Fruto de este itinerario es la publicación de los dos hermosísimos y grandiosos volúmenes Planos, alzados, secciones y detalles de la Alambra[2], que escribieron conjuntamente Jones y Goury y publicaron entre 1842 y 1845. Se trata de una recopilación minuciosa de la decoración de la Alhambra a través de sus dibujos y planos con levantamientos y calcos. Por primera vez se realiza una aproximación al palacio nazarí que tiene en cuenta criterios científicos, tal y como la época demanda, lo que no se había hecho hasta entonces. La obra es clave para la creación de un nuevo tipo de orientalismo (que Tonia Raquejo acuñó como «alhambresco» hace ya muchos años en su libro El palacio encantado[3]) que convierte a la Alhambra en uno de los máximos referentes del debate arquitectónico del siglo XIX. Jones creyó haber encontrado en este monumento las leyes científicas del uso del ornamento y el color de la arquitectura. Tanto es así que el Crystal Palace, el más importante edificio de la Exposición Universal de Londres, se decora como los palacios nazaríes. Además, cuando en 1854 se realiza en Sydenham (Reino Unido) una segunda versión del Crystal Palace, se construye en su interior una réplica del Patio de los Leones y otros ambientes alhambreños.
Con todo, el trabajo más importante de Jones, consecuencia también de sus visitas a la Alhambra, es The Grammar of Ornament [La gramática del ornamento], publicada por primera vez en 1856. La obra supone un intento de condensar la experiencia del autor en un tratado de decoración, así como una síntesis de la «gramática» que recoja los principios científicos de la ornamentación. The Grammar of Ornament llega a ser el manual principal de la recién inaugurada Fine Art School de Londres y, como consecuencia, el libro de cabecera de, al menos, tres generaciones de arquitectos y artistas, incluyendo a Le Corbusier. Ahí se reproducen, por ejemplo, los colores originales de la cerámica de la Alhambra como una muestra perfecta y perdurable de ornamentación.

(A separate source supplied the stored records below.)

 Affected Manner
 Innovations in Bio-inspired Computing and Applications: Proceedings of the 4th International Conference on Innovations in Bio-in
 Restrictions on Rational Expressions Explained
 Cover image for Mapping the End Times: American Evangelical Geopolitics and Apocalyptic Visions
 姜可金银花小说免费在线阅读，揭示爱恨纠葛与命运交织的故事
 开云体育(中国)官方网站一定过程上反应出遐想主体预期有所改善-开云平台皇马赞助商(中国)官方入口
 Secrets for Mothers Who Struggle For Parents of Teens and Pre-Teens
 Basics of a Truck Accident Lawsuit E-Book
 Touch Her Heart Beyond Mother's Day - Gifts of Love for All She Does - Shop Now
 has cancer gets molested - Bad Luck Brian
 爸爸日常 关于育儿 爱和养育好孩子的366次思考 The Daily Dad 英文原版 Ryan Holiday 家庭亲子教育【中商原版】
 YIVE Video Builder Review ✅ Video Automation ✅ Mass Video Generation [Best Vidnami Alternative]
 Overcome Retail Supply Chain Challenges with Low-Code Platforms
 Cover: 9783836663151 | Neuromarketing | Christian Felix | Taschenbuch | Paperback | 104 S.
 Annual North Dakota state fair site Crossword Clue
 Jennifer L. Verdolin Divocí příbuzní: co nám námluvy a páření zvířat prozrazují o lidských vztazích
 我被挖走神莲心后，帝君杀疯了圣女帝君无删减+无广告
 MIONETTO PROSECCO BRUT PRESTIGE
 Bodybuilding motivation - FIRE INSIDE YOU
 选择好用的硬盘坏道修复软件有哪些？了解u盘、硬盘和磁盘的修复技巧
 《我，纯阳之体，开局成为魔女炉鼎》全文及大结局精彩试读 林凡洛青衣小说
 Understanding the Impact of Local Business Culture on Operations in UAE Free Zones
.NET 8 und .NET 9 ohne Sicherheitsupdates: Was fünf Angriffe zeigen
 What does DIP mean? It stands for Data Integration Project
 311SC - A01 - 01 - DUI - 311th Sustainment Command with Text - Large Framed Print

La exposición incluye más de 140 piezas, la mayoría de ellas procedentes de una exposición itinerante del Victoria and Albert Museum a la que se añaden los fondos del Museo de la Alhambra. Entre estas piezas destacan los dibujos originales de los viajes de Jones y los vaciados en yeso hechos a partir de los mocárabes alhambreños. La muestra se divide en seis salas distribuidas en torno a los primeros viajes de Jones, al viaje a la Alhambra, a su visita al palacio nazarí entre 1834 y 1837, a la Exposición Universal de 1851 de Londres, a la gramática del ornamento y a las influencias de Jones en el diseño del siglo XIX. Esta última parte es la que tiene un mayor interés, pues permite ahondar en la herencia y el legado del trabajo del arquitecto y, sobre todo, en la historia del propio palacio. No en vano Jones fue una de las referencias esenciales de los restauradores decimonónicos, en especial, de Rafael Contreras.
En definitiva, estas tres exposiciones aportan nuevas investigaciones al estudio sobre Oriente. Las muestras de Lyon y Granada se insertan en el reciente interés por lo que, durante mucho tiempo, se han llamado artes menores, es decir, decorativas, y pone de manifiesto cómo la cultura debe ser interpretada también a partir de los objetos que la integran. Paralelamente, en España se han hecho algunas exposiciones de pintores orientalistas extranjeros en los últimos meses, pero ninguna de artistas españoles. Así, queda todavía por realizar una nueva exposición del orientalismo español que permita revisarlo y revisitarlo.